■ **WORK TO COMPLETE**
Given the records below, the lines starting at the line with "mangeshkarlata's tweet photo." and ending at the line with "Alpha Omicron Pi" should be output exactly, both end lines kept and pictures left out.

■ **SUPPLIED DATA**
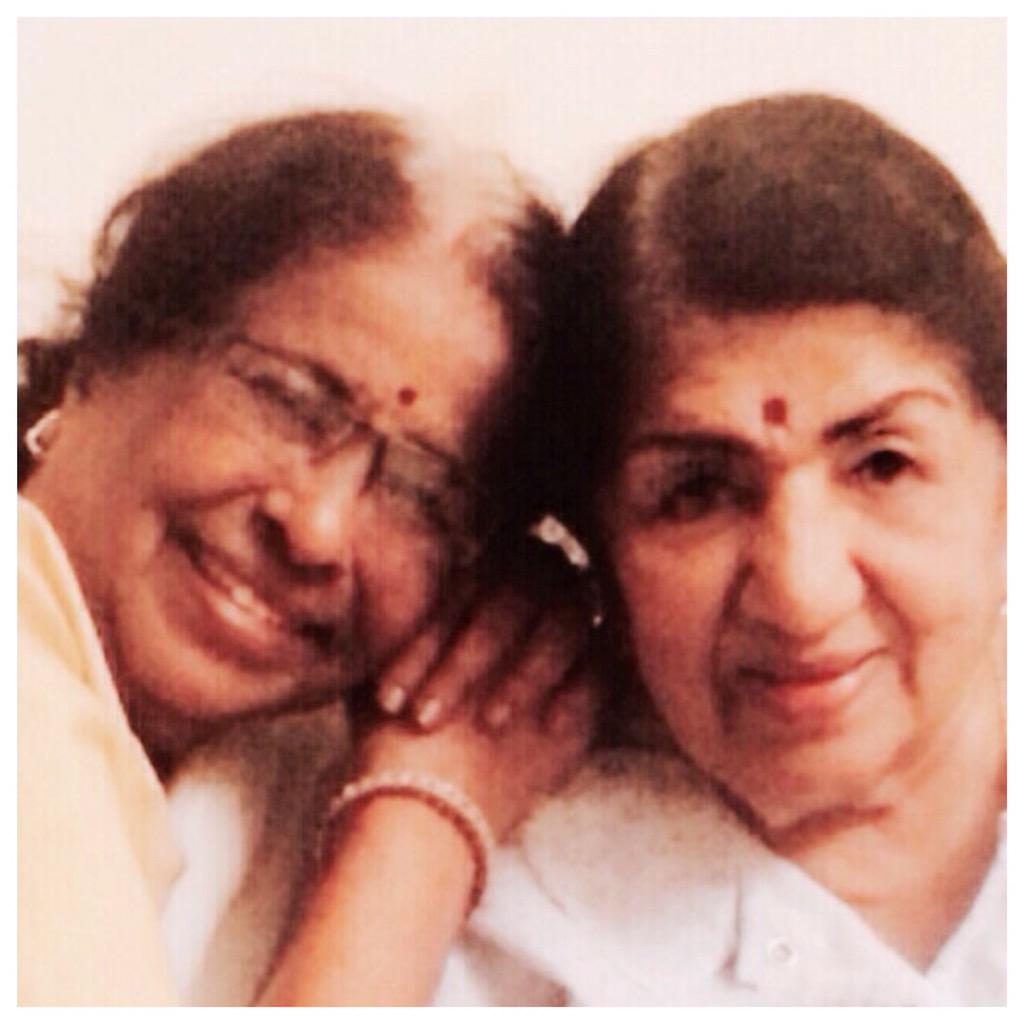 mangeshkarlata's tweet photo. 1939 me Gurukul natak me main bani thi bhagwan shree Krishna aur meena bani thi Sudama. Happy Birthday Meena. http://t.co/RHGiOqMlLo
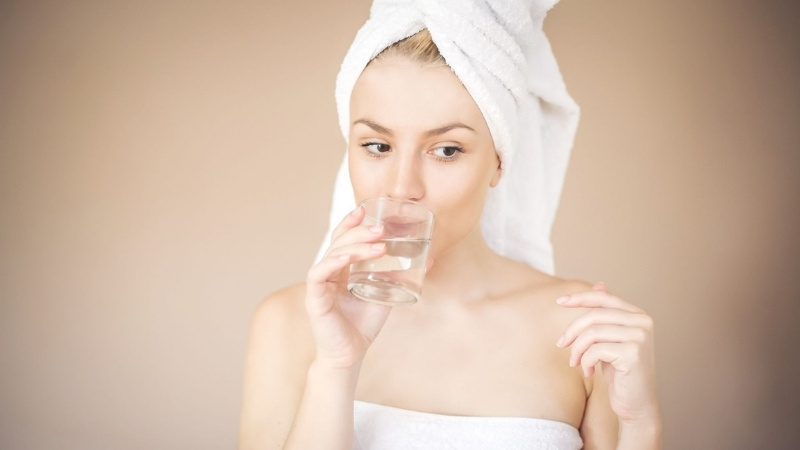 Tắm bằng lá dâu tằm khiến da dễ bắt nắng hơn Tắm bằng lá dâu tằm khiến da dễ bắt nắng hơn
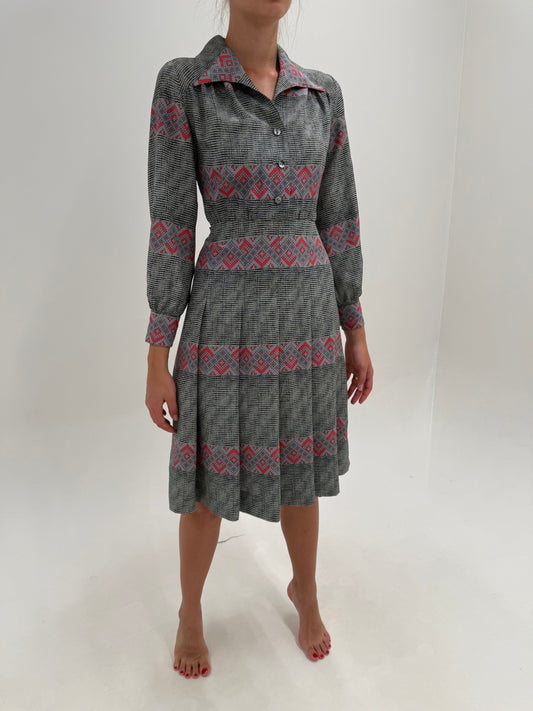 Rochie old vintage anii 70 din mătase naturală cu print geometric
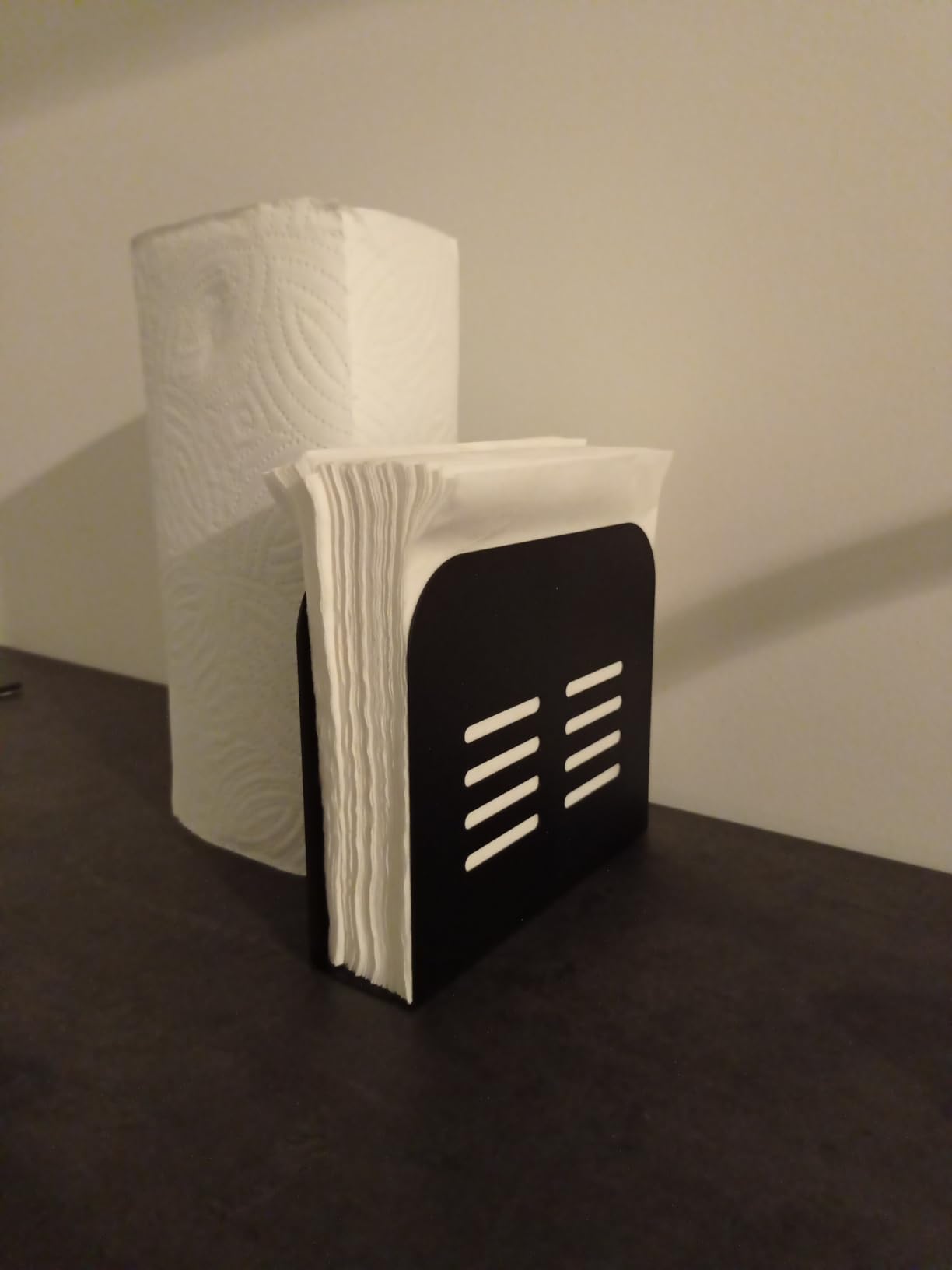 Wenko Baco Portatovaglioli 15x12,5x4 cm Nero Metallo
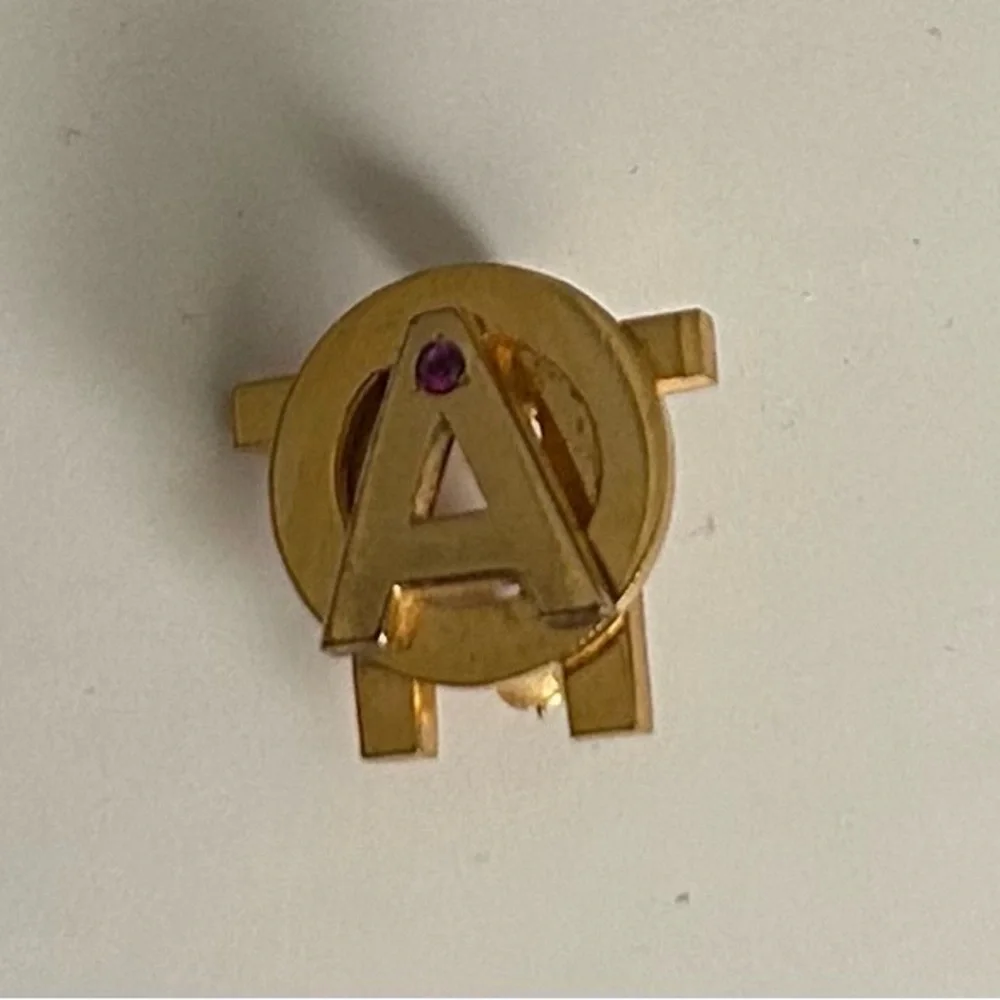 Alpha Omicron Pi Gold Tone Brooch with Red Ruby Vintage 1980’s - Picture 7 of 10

* * *

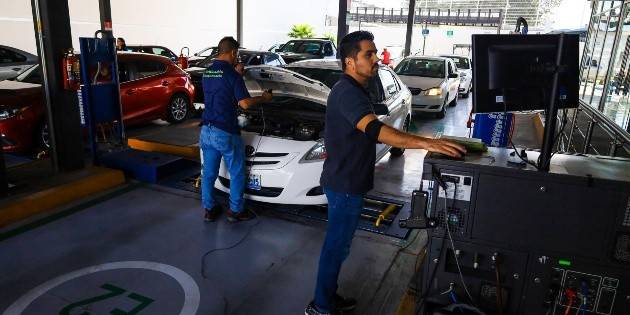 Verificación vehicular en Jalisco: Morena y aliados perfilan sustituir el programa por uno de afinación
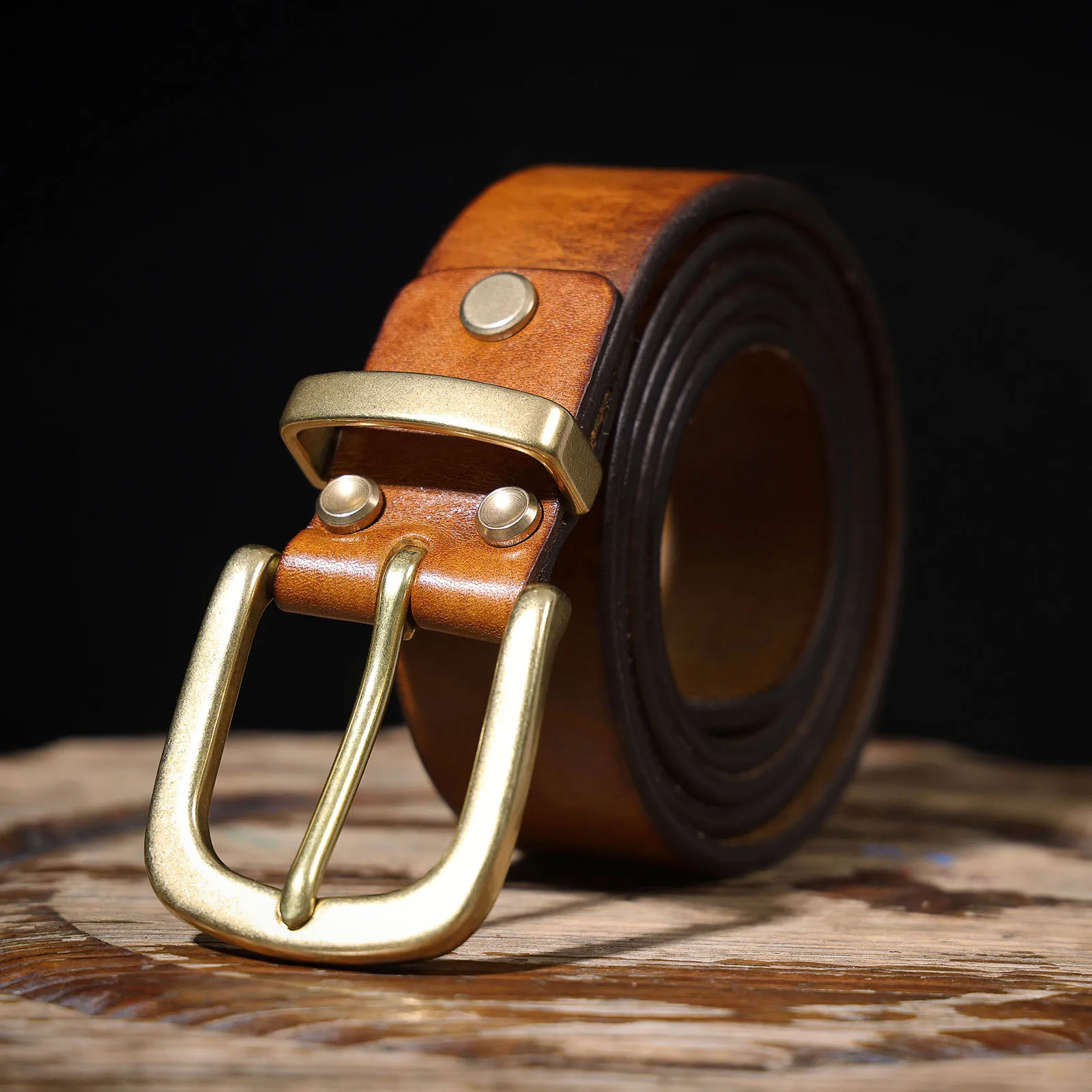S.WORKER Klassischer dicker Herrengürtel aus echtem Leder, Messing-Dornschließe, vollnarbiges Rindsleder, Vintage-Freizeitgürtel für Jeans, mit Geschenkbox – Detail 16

■ **OUTPUT BELOW**
 mangeshkarlata's tweet photo. 1939 me Gurukul natak me main bani thi bhagwan shree Krishna aur meena bani thi Sudama. Happy Birthday Meena. http://t.co/RHGiOqMlLo
 Tắm bằng lá dâu tằm khiến da dễ bắt nắng hơn Tắm bằng lá dâu tằm khiến da dễ bắt nắng hơn
 Rochie old vintage anii 70 din mătase naturală cu print geometric
 Wenko Baco Portatovaglioli 15x12,5x4 cm Nero Metallo
 Alpha Omicron Pi Gold Tone Brooch with Red Ruby Vintage 1980’s - Picture 7 of 10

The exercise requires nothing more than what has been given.